DATA EXTRACT:
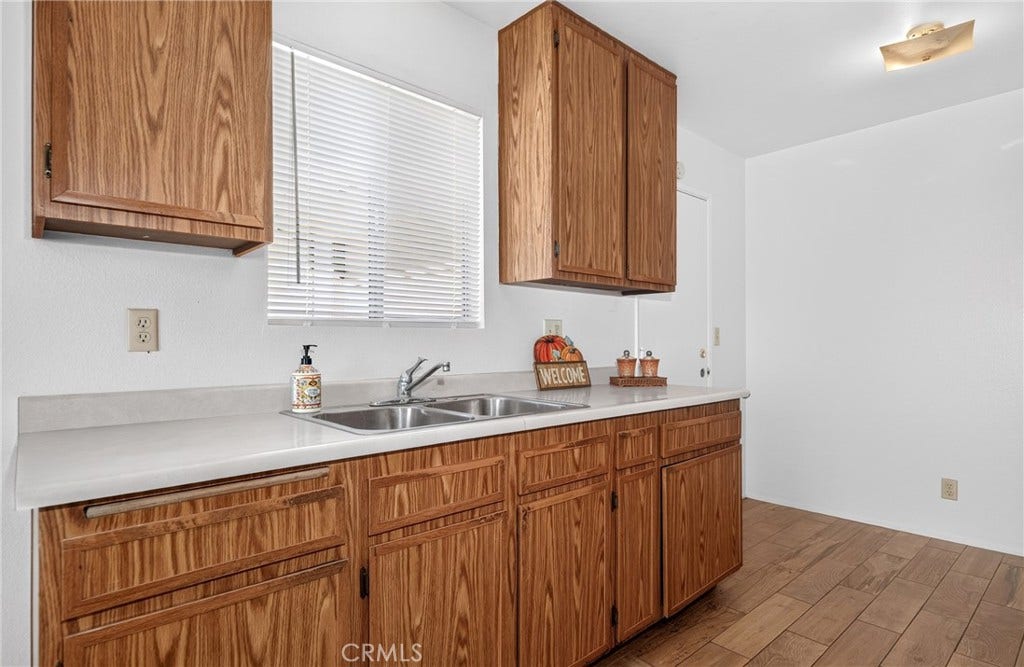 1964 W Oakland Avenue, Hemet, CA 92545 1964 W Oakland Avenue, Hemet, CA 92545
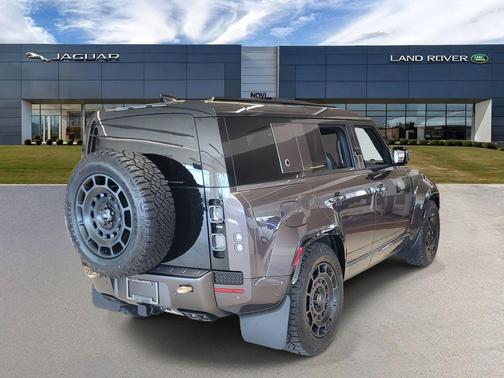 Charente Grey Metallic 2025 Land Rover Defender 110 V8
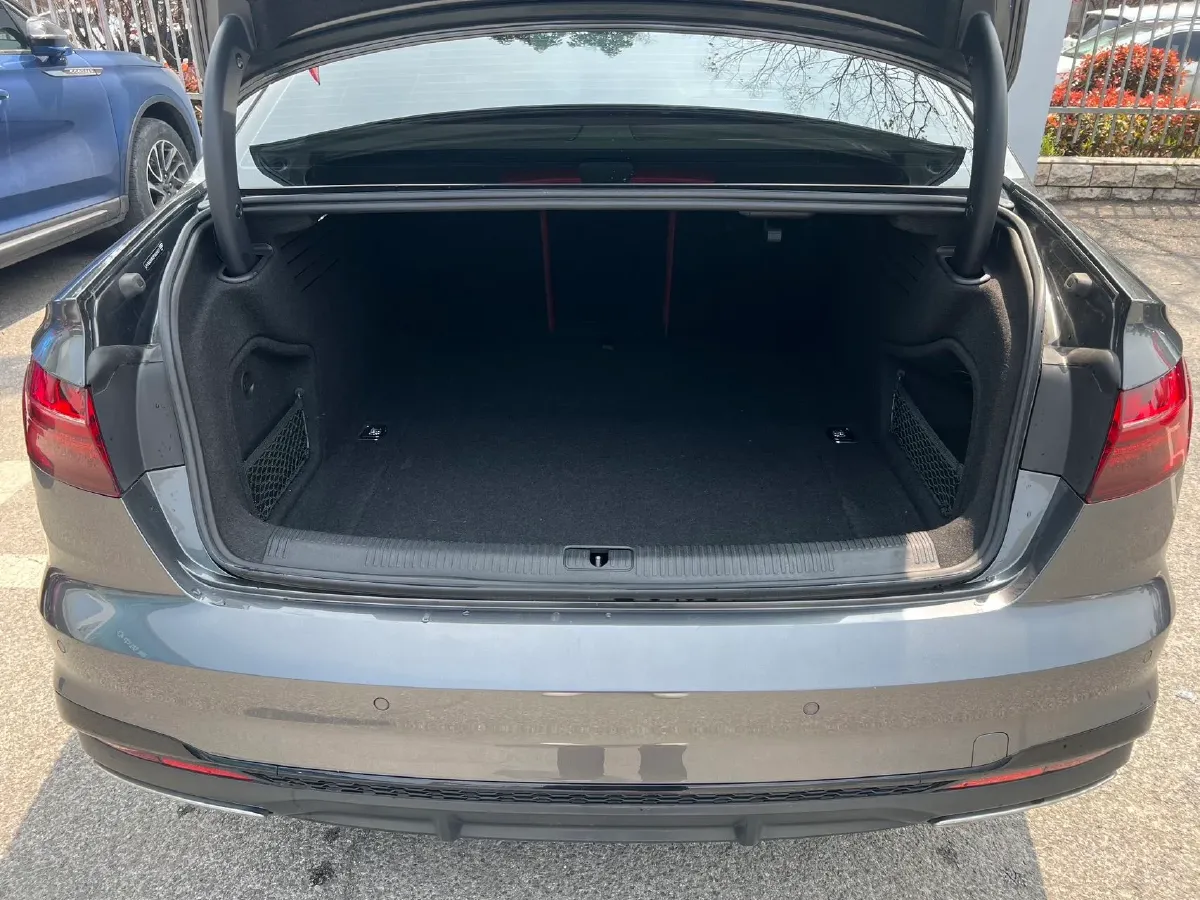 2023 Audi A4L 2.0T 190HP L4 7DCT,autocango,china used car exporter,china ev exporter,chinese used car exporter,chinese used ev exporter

ABOUT THIS EXERCISE:
The response has to be an exact copy of all the data, pictures excluded.

TASK RESULT:
 1964 W Oakland Avenue, Hemet, CA 92545 1964 W Oakland Avenue, Hemet, CA 92545
 Charente Grey Metallic 2025 Land Rover Defender 110 V8
 2023 Audi A4L 2.0T 190HP L4 7DCT,autocango,china used car exporter,china ev exporter,chinese used car exporter,chinese used ev exporter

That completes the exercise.